В общем, чем больше раскрывалась ситуация, тем меньше она мне нравилась. Ольга уже не скрывала открытых саркастических комментариев по поводу всех образовательных инициатив руководства Техникума. Выяснилось, что помимо работы в самом Техникуме, на ней лежит формирование всей образовательной базы по конструированию, и ей приходится этим заниматься во внеурочное время, дома, засиживаясь до ночи. Подобную схему работы я встречала ох как часто в образовательных структурах. Естественно, все это удручало молодую женщину прежде всего потому, что дополнительные часы работы не оплачивались, но отношение руководства было таким, как будто так и должно было быть; речи не было, чтобы как-то исправить ситуацию. Наблюдала я все это и думала: а оно мне надо вообще?
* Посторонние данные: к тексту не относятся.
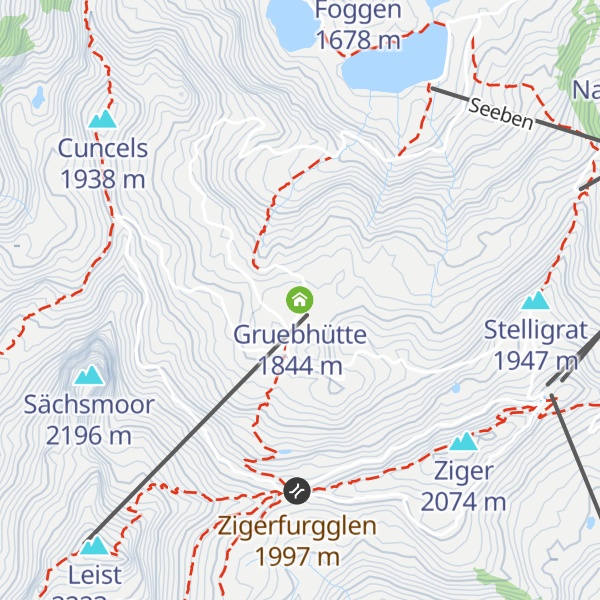 Map of Gruebhütte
Ради чего? Ради идеи? Какой? Вот ради этих девочек еще можно работать, но их благодарность должна быть РЕЗУЛЬТАТОМ обучения, а никак не ОПЛАТОЙ. В целом это всеми воспринималось как ДАННОСТЬ; все так работали, и предыдущие поколения учителей - тоже, значит, и в нынешнее время так можно. САМООТВЕРЖЕННОСТЬ - вот качество настоящего российского учителя. Все это было из разряда глупых теорий о том, что истинно правильные вещи в этом мире не нуждаются в оплате, их просто НАДО ДАВАТЬ затем только, что без них мир не сможет стать хорошим. Чистой воды бред, ставший реальностью!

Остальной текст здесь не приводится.